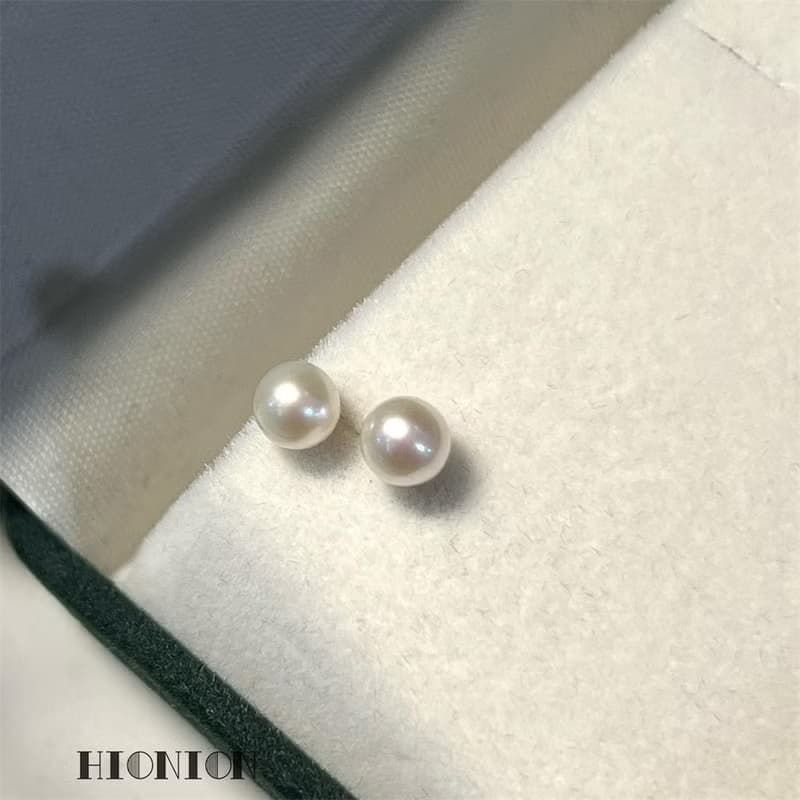 Hi Onion18K金小燈泡強光正圓純銀天然淡水極光小珍珠耳釘耳夾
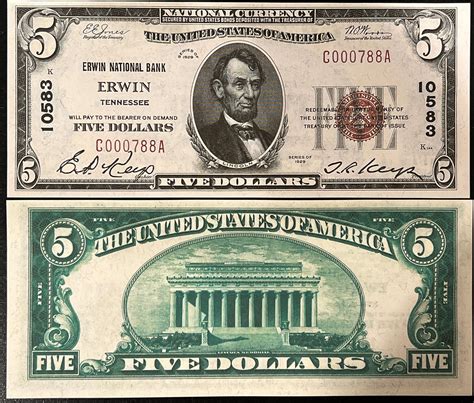 Reproduction Copy 1929 $5 Bill Erwin National Bank Erwin Tennessee See ...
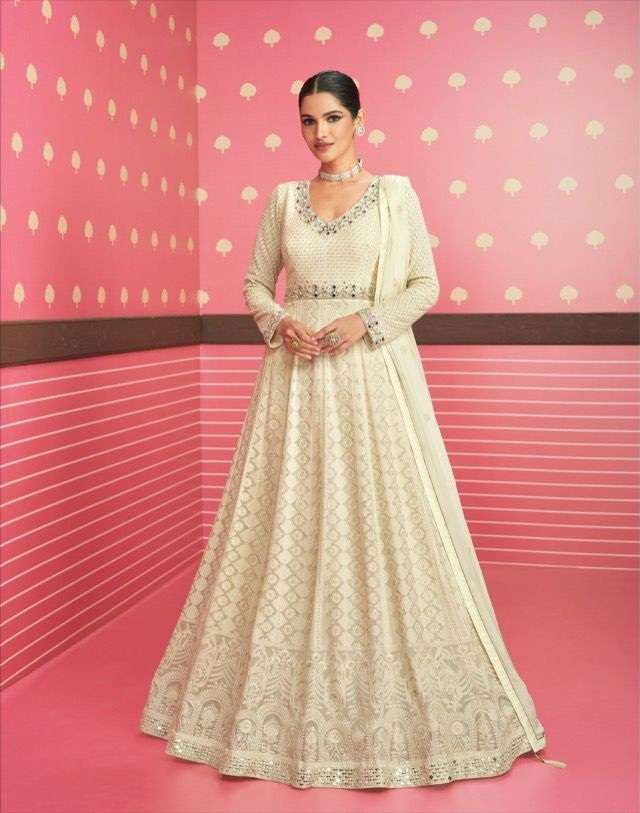 DESIGNER FANCY WEDDING PARTY WEAR LONG ANARKALI SALWAR SUIT AF SAFEENA 5201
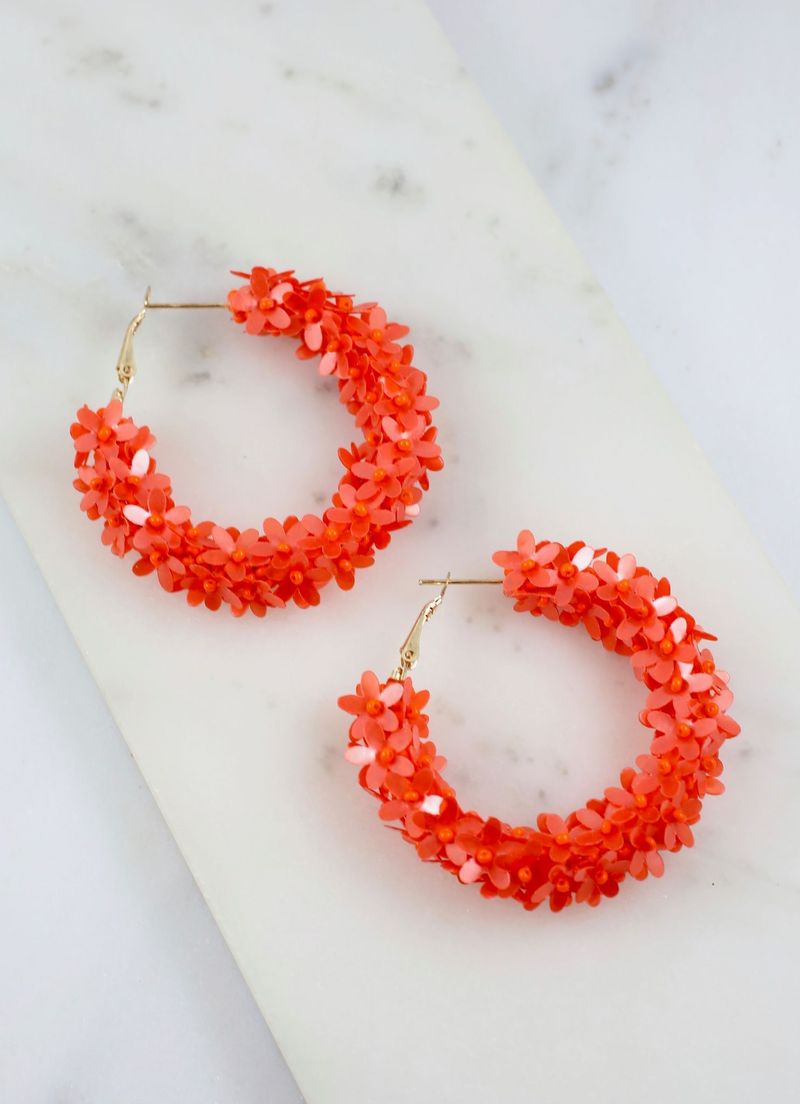coral ear charms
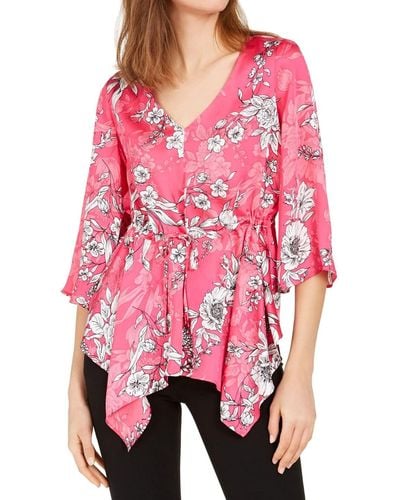 Nine West Long Sleeve V-neck Printed Blouse With Waist Tie Detail - Pink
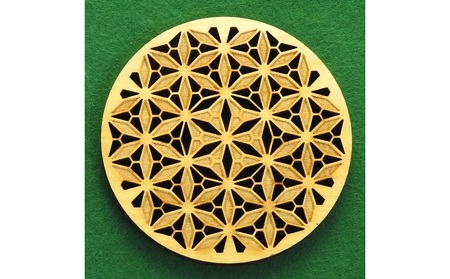 伝統文様コースター 北斎と光琳 桧製 6枚組｜HG000577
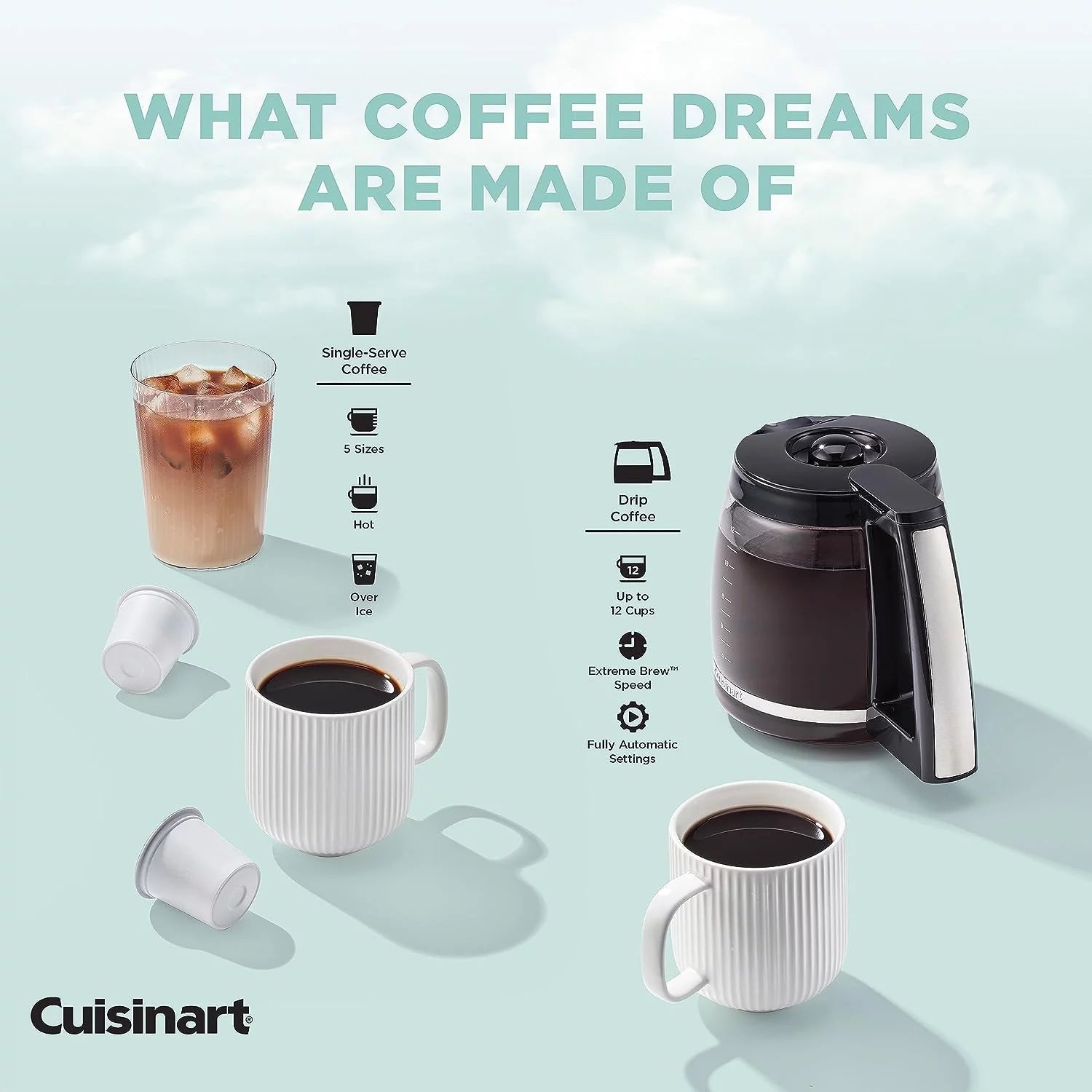 12-Cup Coffeemaker and Single-Serve Brewer, White Stainless Steel T316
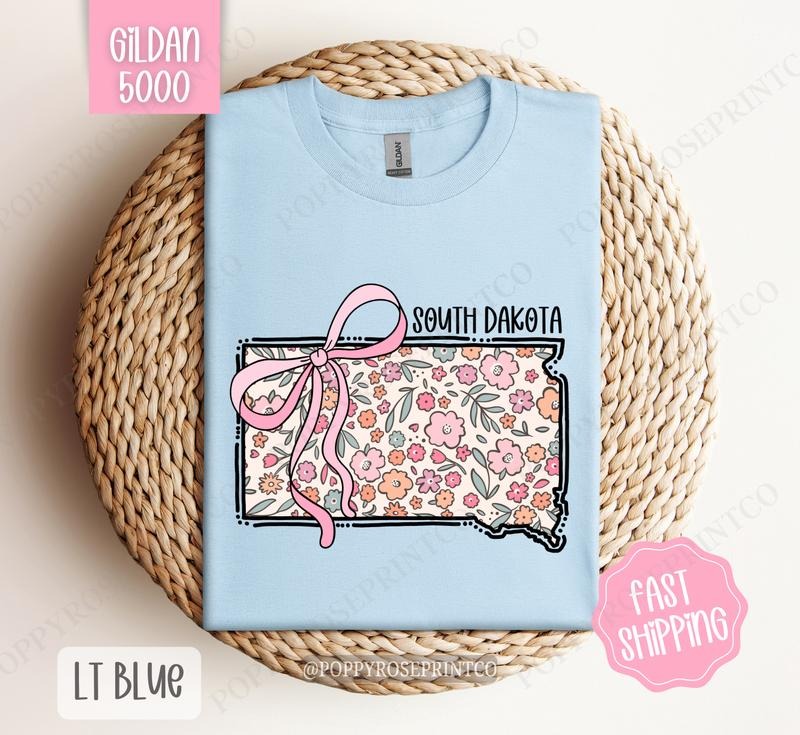 South Dakota Floral Bow Gildan T-shirt, Cute Trendy Tee, State Coquette Oversized Top Hoodie, Sweatshirt | TeeBloomCo.com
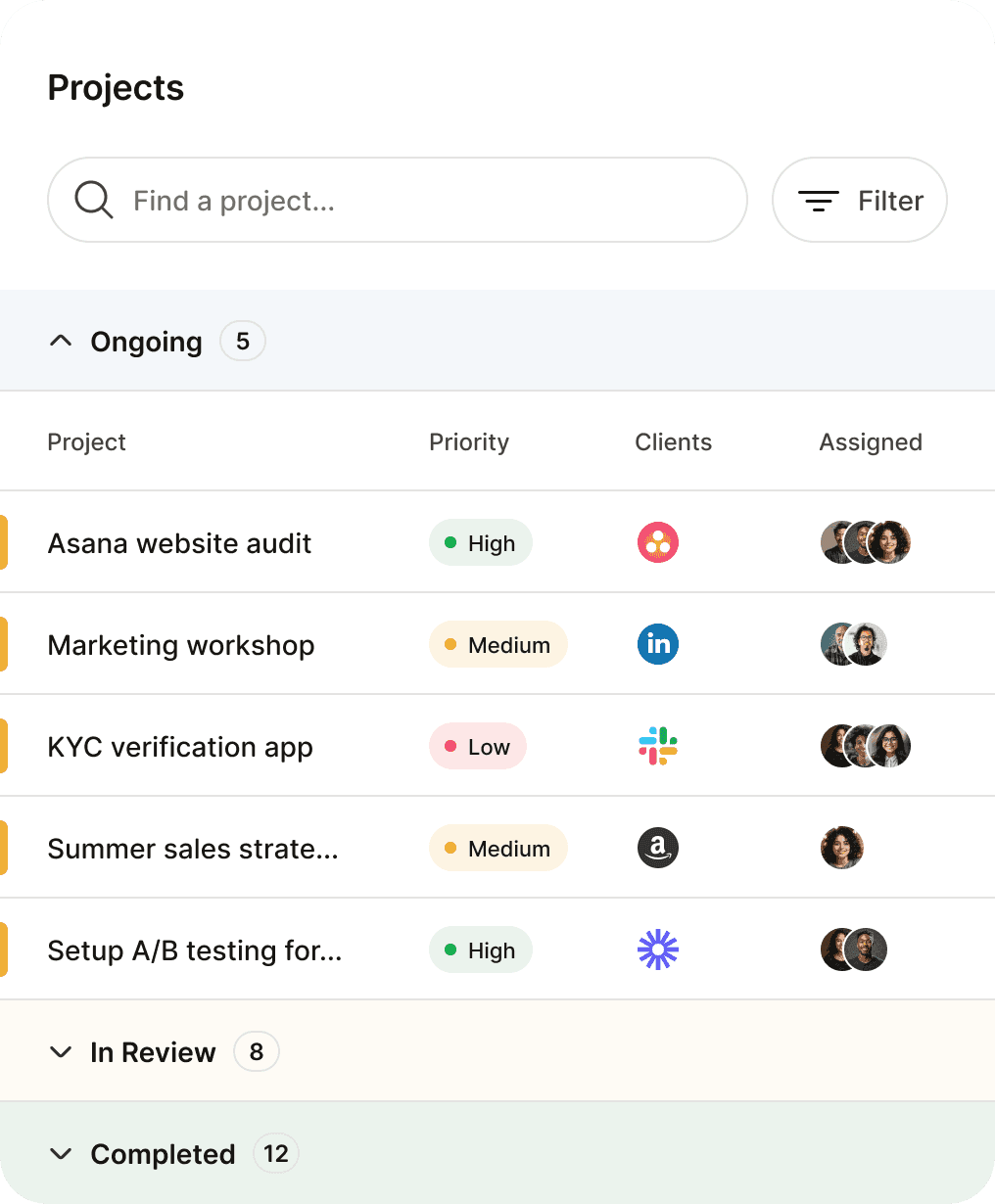 Project management UI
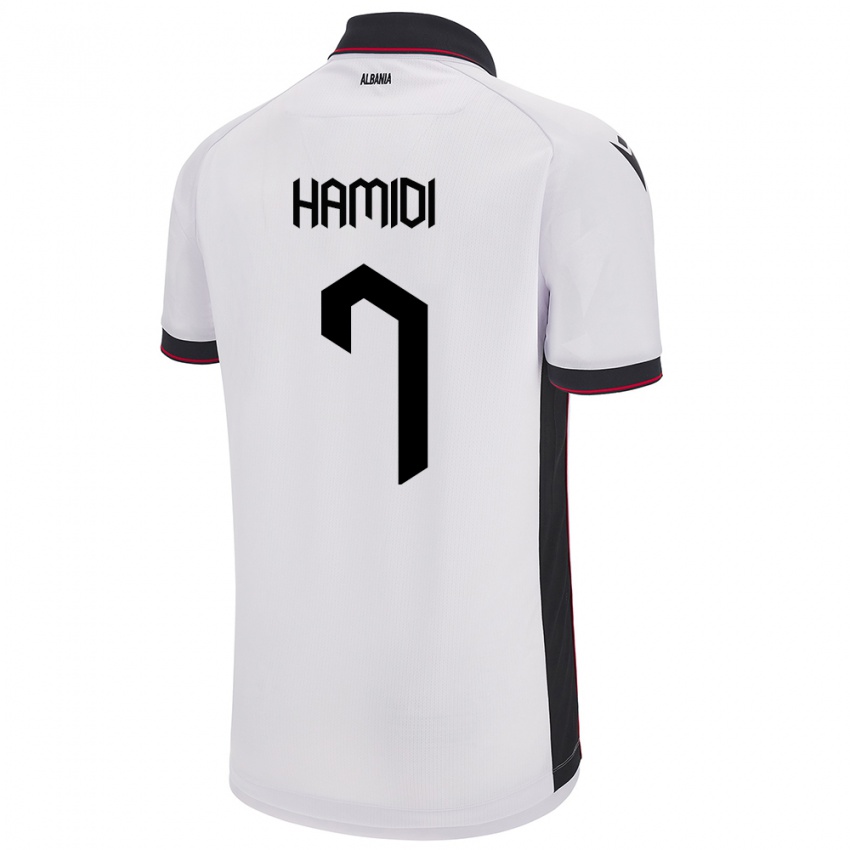 Hombre Camiseta Albania Mimoza Hamidi #7 Blanco 2ª Equipación 24-26 La Camisa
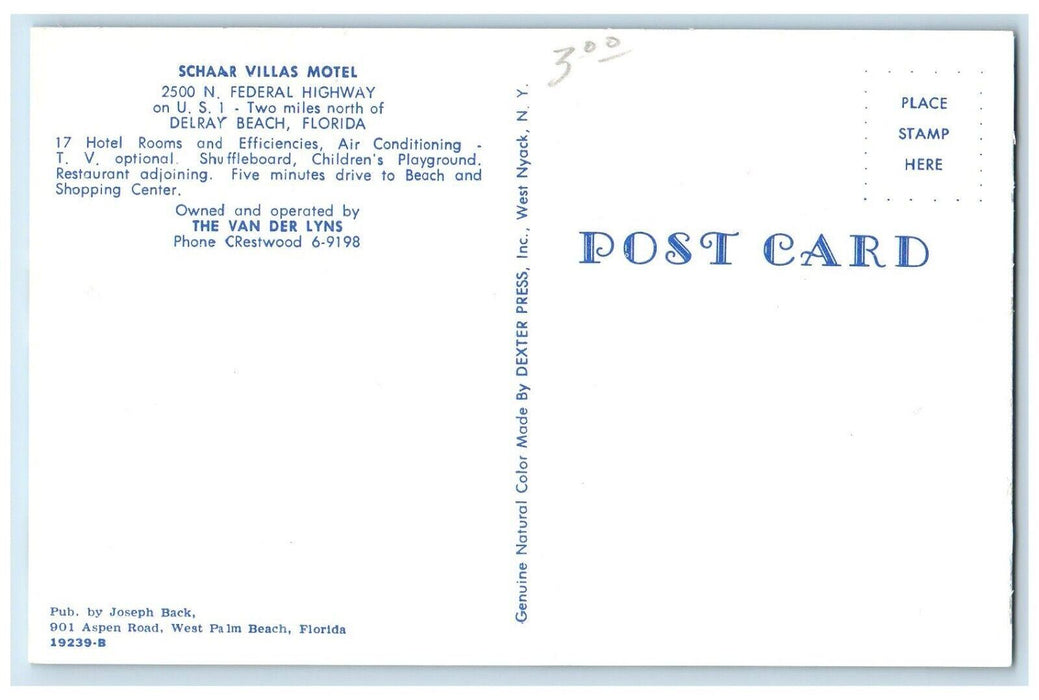 View Of Schaar Villas Motel Restaurant Delray Beach Florida Dual View Postcard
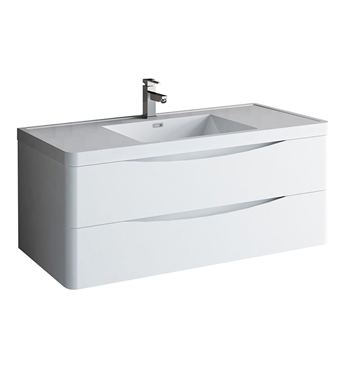 Fresca Tuscany 48" Glossy White Wall Hung Modern Bathroom Cabinet with Integrated Sink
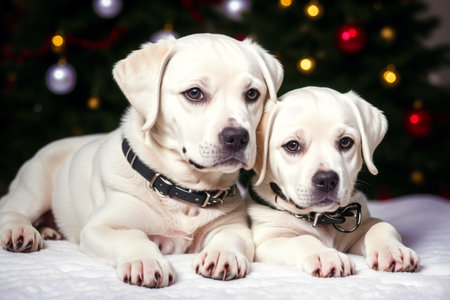 Labrador retriever puppies in front of a christmas tree.の素材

○ ○ ○

Exactly as written, please give again the lines from the beginning of the listing through the line containing "coral ear charms", inclusive, without any pictures.

 Hi Onion18K金小燈泡強光正圓純銀天然淡水極光小珍珠耳釘耳夾
 Reproduction Copy 1929 $5 Bill Erwin National Bank Erwin Tennessee See ...
 DESIGNER FANCY WEDDING PARTY WEAR LONG ANARKALI SALWAR SUIT AF SAFEENA 5201
coral ear charms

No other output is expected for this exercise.